The findings call into question several long-standing views about
social mobility. We find a growing similarity between countries in
their class structures and rates of absolute mobility: in other
words, the countries of Europe are now more alike in their flows
between class origins and destinations than they were thirty years
ago. However, differences between countries in social fluidity
(that is, the relative chances, between people of different class
origins, of being found in given class destinations) show no
reduction and so there is no evidence supporting theories of
modernization which predict such convergence. Our results also
contradict the long-standing Featherman Jones Hauser hypothesis of
a basic similarity in social fluidity in all industrial societies
'with a market economy and a nuclear family system'. There are
considerable differences between countries like Israel and Sweden,
where societal openness is very marked, and Italy, France, and
Germany, where social fluidity rates are low.

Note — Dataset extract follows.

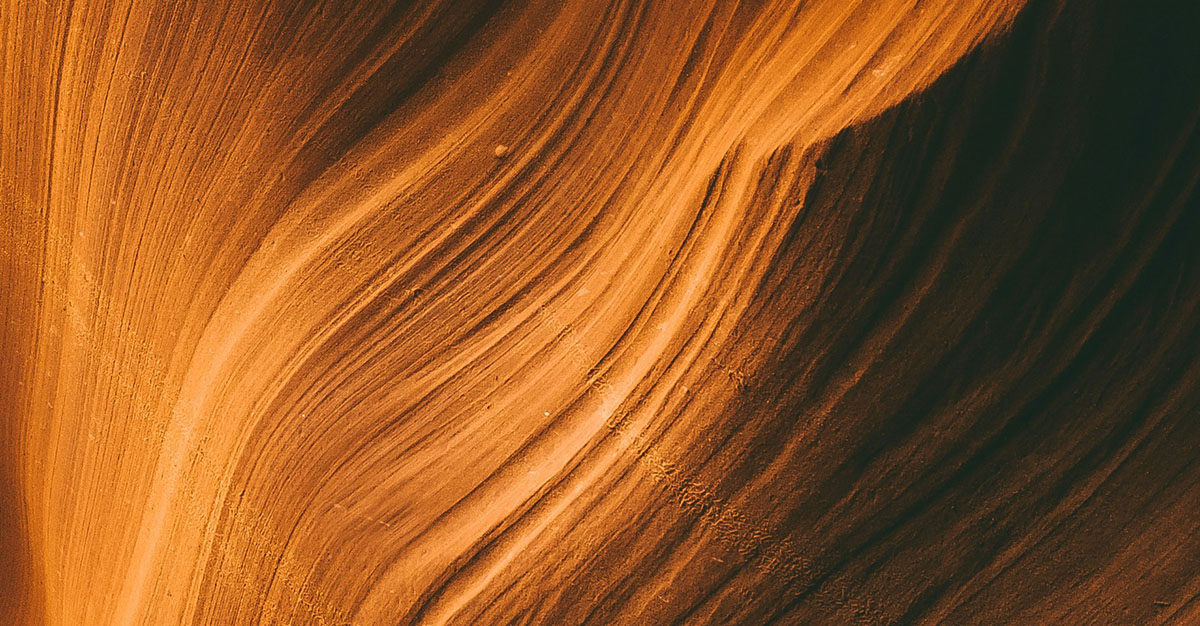 Layers of orange waves fade into a dark background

Similarly, there is a
substantial difference between, for example, the Netherlands in the
1970s (which was quite closed) and in the 1990s, when it ranks
among the most open societies.
Mobility tables reflect many underlying processes and this makes it
difficult to explain mobility and fluidity or to provide policy
prescriptions. Nevertheless, those countries in which fluidity
increased over the last decades of the twentieth century had not
only succeeded in reducing class inequalities in educational
attainment but had also restricted the degree to which, among
people with the same level of education, class background affected
their chances of gaining access to better class destinations.